▸ **SOURCE INFORMATION**:
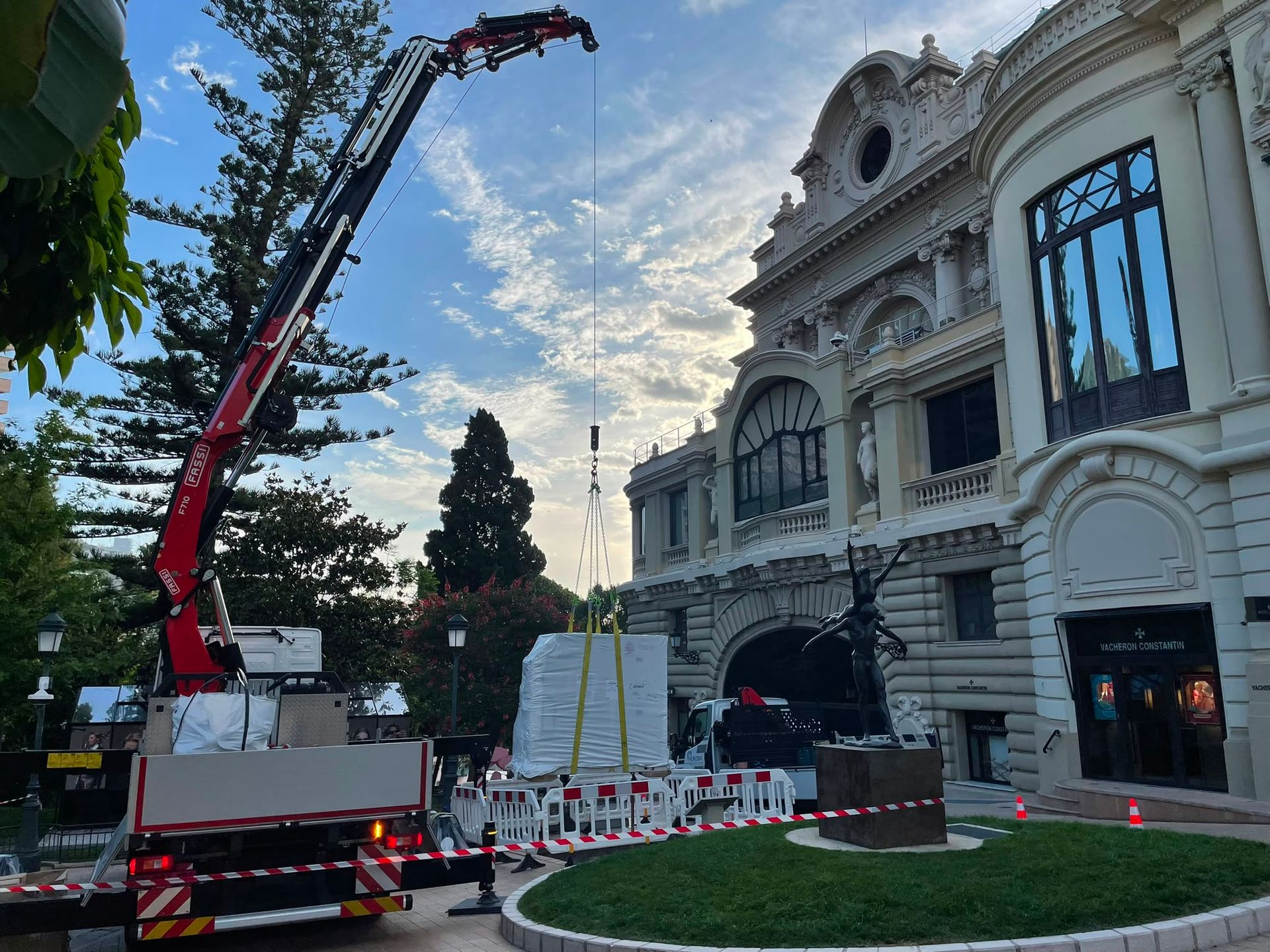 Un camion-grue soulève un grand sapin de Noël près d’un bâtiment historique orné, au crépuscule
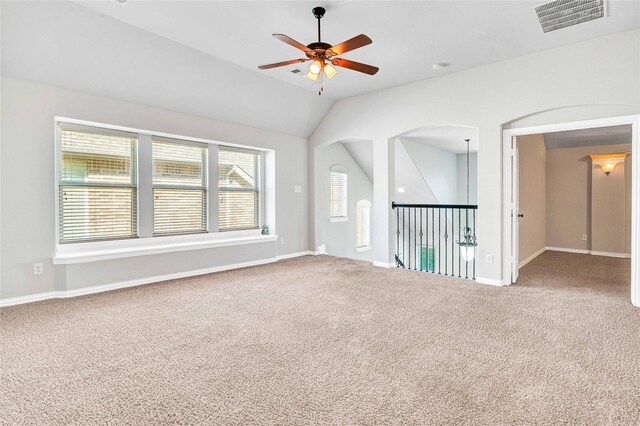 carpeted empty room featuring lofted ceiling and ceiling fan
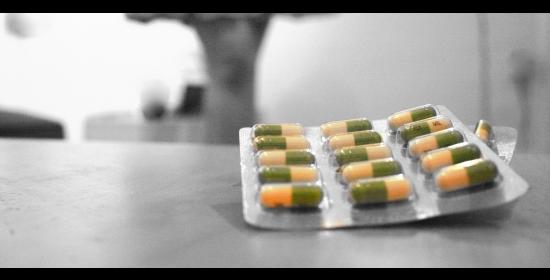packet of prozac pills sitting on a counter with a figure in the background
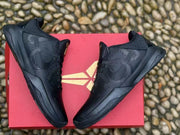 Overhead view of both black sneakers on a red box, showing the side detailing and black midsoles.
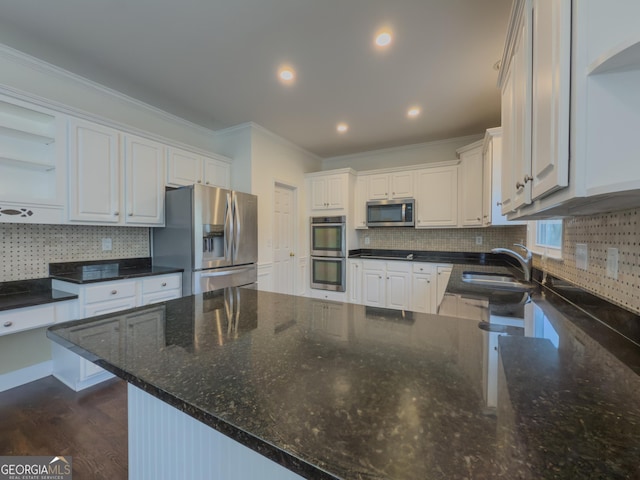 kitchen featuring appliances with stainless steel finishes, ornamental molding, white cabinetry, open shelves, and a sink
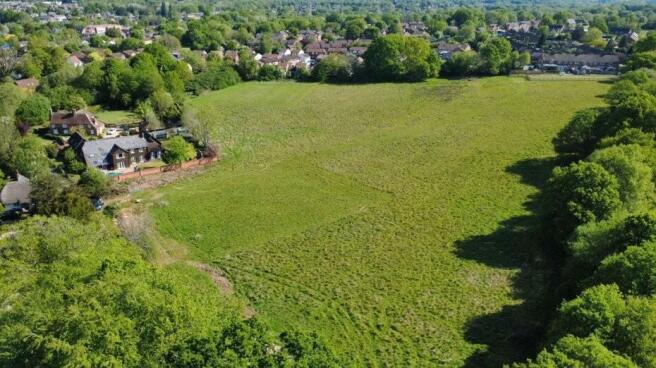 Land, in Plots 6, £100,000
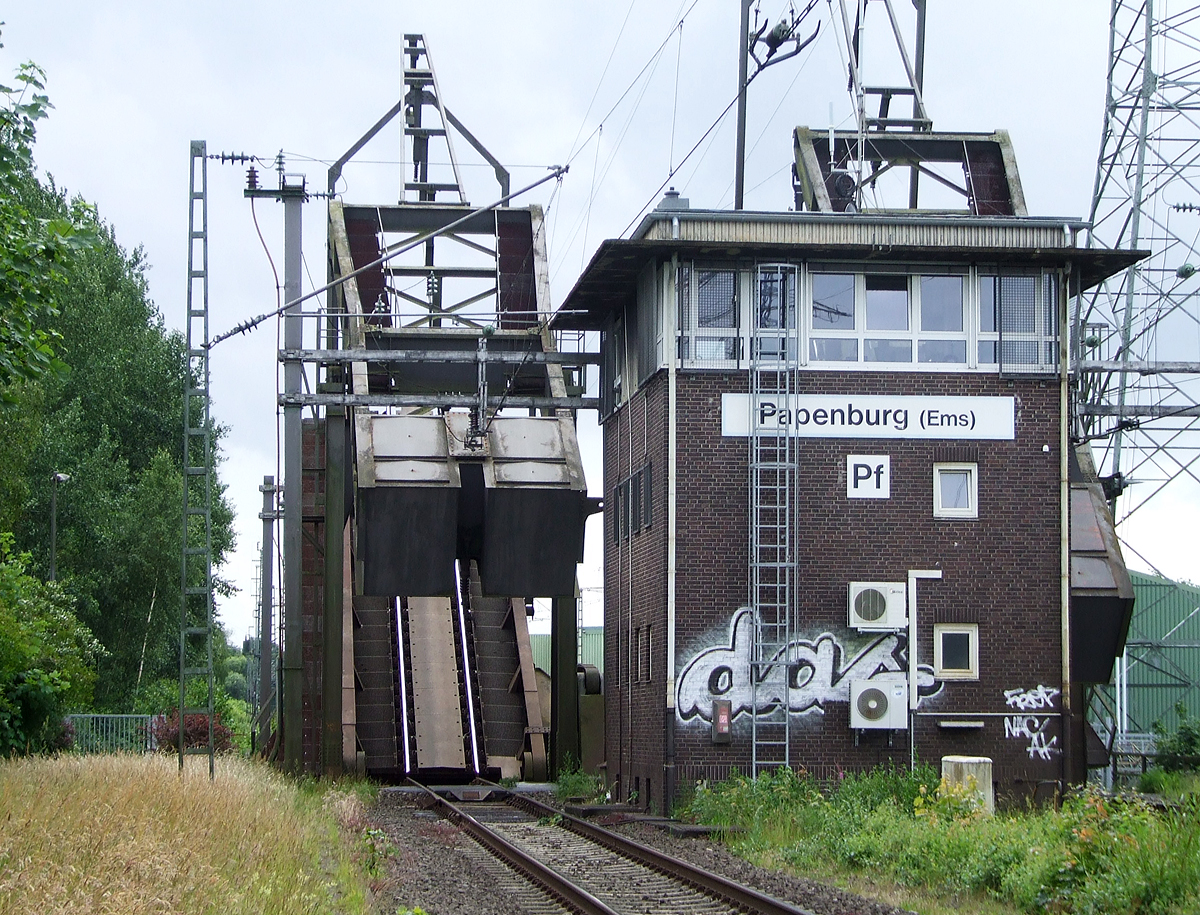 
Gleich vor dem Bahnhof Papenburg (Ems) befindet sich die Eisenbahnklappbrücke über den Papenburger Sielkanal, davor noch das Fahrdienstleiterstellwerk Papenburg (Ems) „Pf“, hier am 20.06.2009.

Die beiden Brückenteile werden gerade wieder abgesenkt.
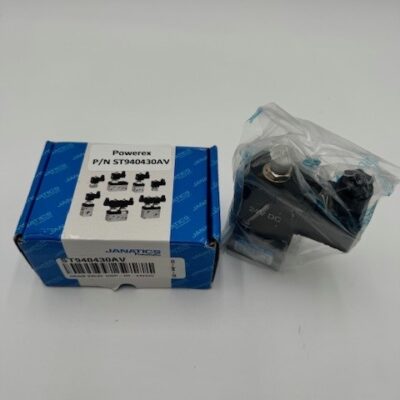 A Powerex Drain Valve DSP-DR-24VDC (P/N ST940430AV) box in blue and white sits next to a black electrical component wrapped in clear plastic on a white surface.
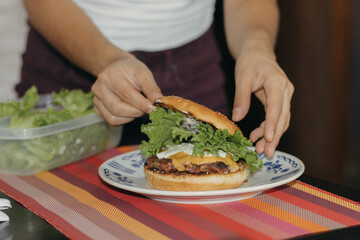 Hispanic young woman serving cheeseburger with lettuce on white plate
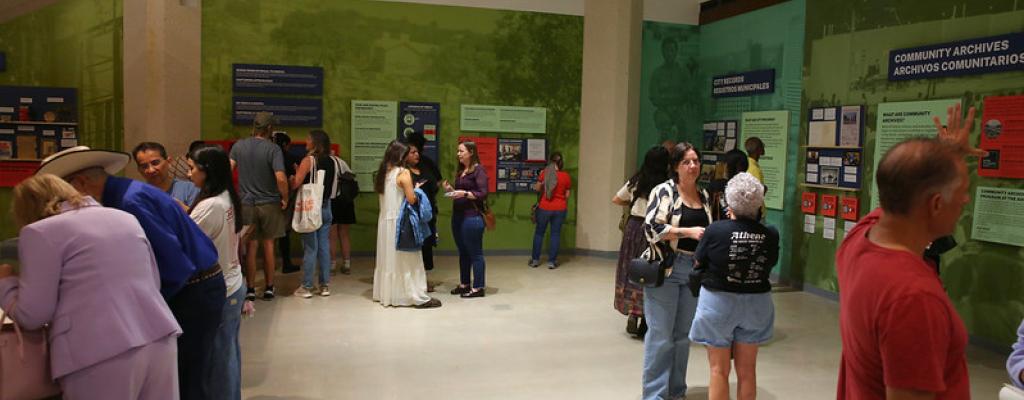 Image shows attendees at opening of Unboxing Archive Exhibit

▸ **TASK DETAILS**:
Exactly as written above, print every line of the data but not its pictures.

▸ **SOLUTION**:
 Un camion-grue soulève un grand sapin de Noël près d’un bâtiment historique orné, au crépuscule
 carpeted empty room featuring lofted ceiling and ceiling fan
packet of prozac pills sitting on a counter with a figure in the background
 Overhead view of both black sneakers on a red box, showing the side detailing and black midsoles.
 kitchen featuring appliances with stainless steel finishes, ornamental molding, white cabinetry, open shelves, and a sink
 Land, in Plots 6, £100,000
Gleich vor dem Bahnhof Papenburg (Ems) befindet sich die Eisenbahnklappbrücke über den Papenburger Sielkanal, davor noch das Fahrdienstleiterstellwerk Papenburg (Ems) „Pf“, hier am 20.06.2009.

Die beiden Brückenteile werden gerade wieder abgesenkt.
 A Powerex Drain Valve DSP-DR-24VDC (P/N ST940430AV) box in blue and white sits next to a black electrical component wrapped in clear plastic on a white surface.
 Hispanic young woman serving cheeseburger with lettuce on white plate
 Image shows attendees at opening of Unboxing Archive Exhibit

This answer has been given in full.